◆ **EXERCISE DIRECTIONS**:
Could you return, exactly as written, every line from the one containing "4-(Propan-2-ylidene)cyclohexan-1-one molecular structure, CAS" through the last line of the entries below, leaving out the pictures?

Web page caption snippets
-=-=-=-=-
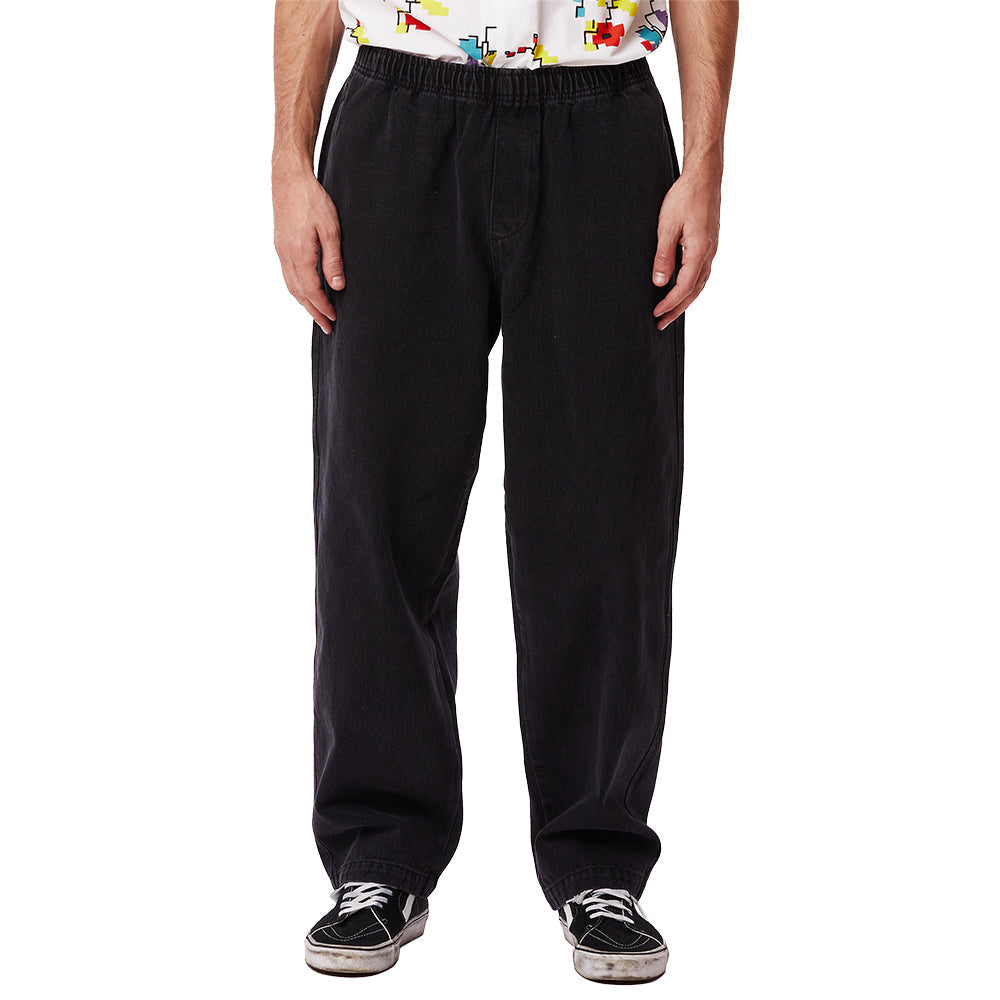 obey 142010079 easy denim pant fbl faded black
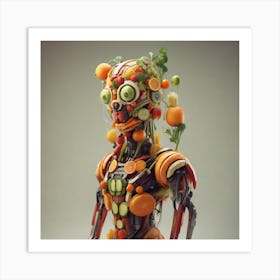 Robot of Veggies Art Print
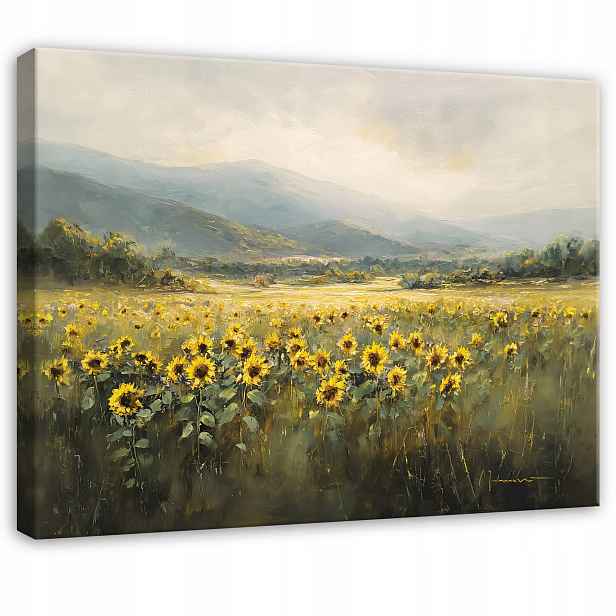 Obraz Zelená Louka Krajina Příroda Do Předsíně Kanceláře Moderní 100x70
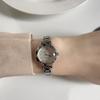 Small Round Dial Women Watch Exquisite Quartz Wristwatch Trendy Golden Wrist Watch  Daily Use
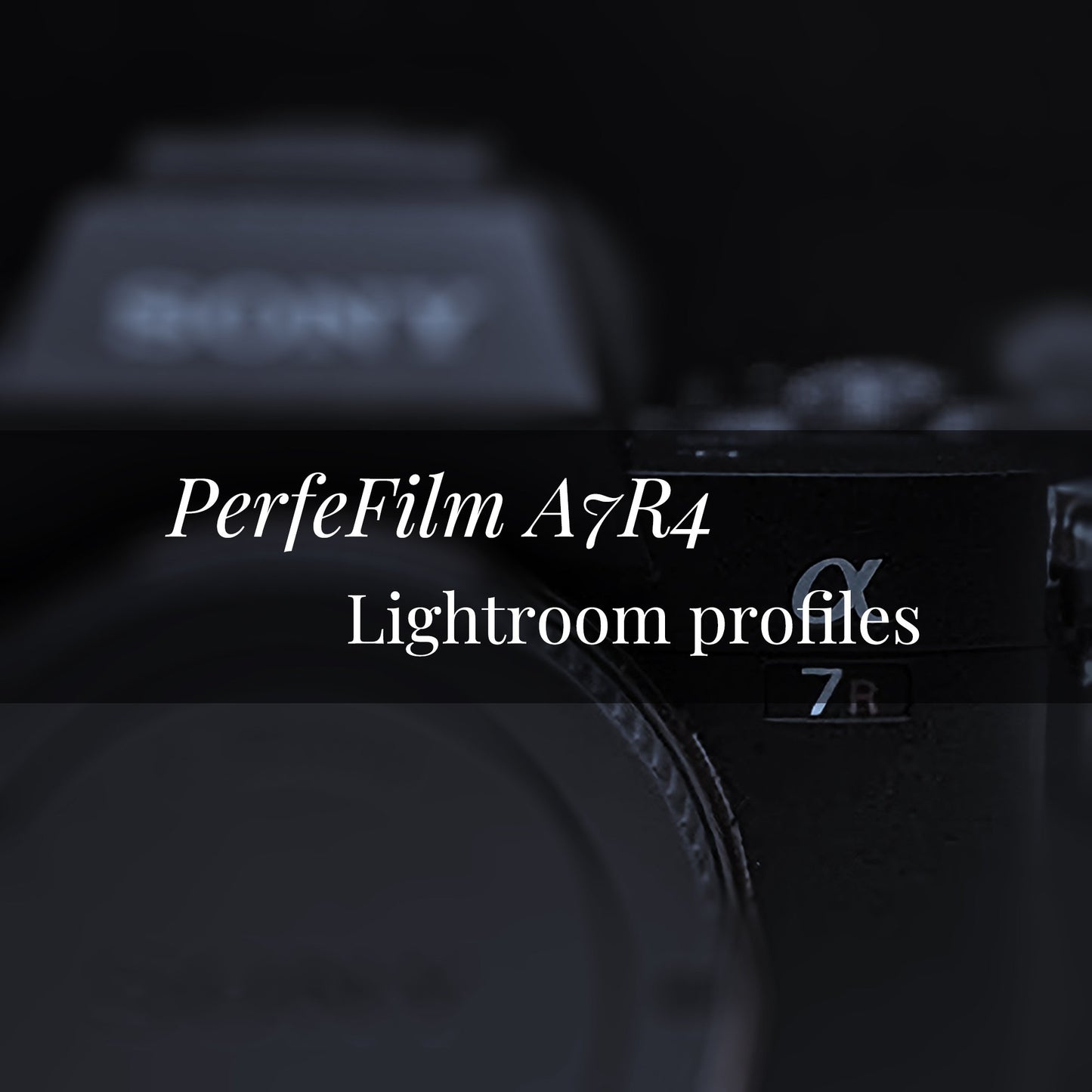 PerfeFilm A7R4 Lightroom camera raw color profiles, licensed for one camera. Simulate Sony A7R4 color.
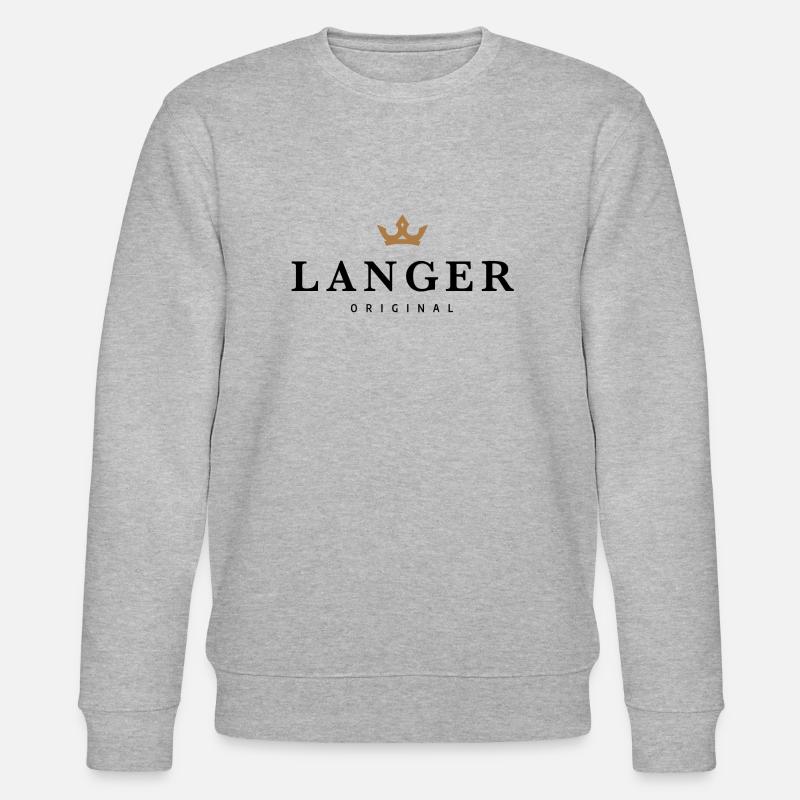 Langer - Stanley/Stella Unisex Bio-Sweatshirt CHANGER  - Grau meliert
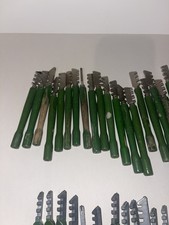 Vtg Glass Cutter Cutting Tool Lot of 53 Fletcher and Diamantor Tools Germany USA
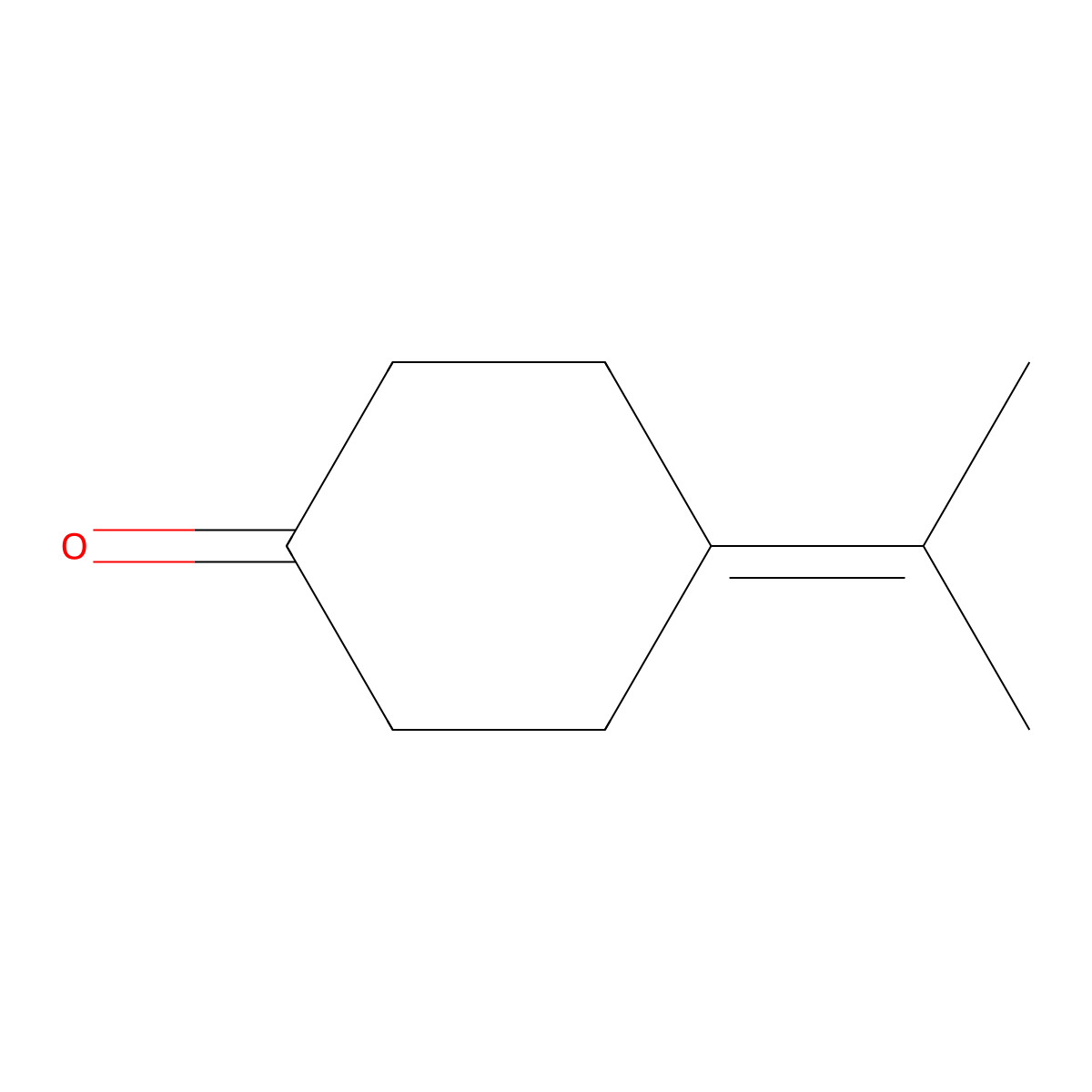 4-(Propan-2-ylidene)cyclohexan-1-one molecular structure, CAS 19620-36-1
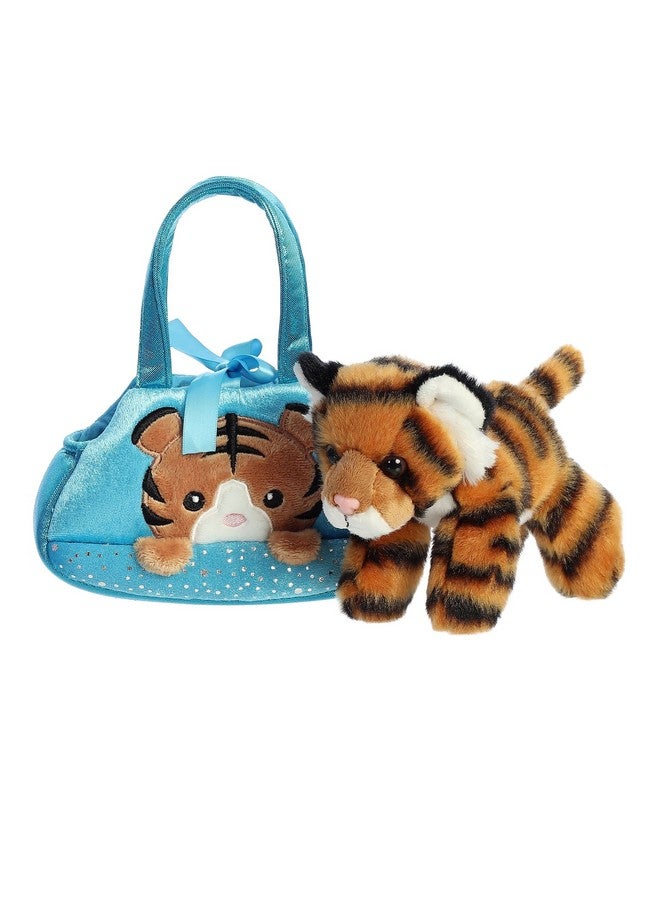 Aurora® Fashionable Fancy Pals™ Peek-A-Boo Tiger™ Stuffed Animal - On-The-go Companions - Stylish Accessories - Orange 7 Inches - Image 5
-=-=-=-=-
◆ **EXERCISE OUTPUT**:
 4-(Propan-2-ylidene)cyclohexan-1-one molecular structure, CAS 19620-36-1
 Aurora® Fashionable Fancy Pals™ Peek-A-Boo Tiger™ Stuffed Animal - On-The-go Companions - Stylish Accessories - Orange 7 Inches - Image 5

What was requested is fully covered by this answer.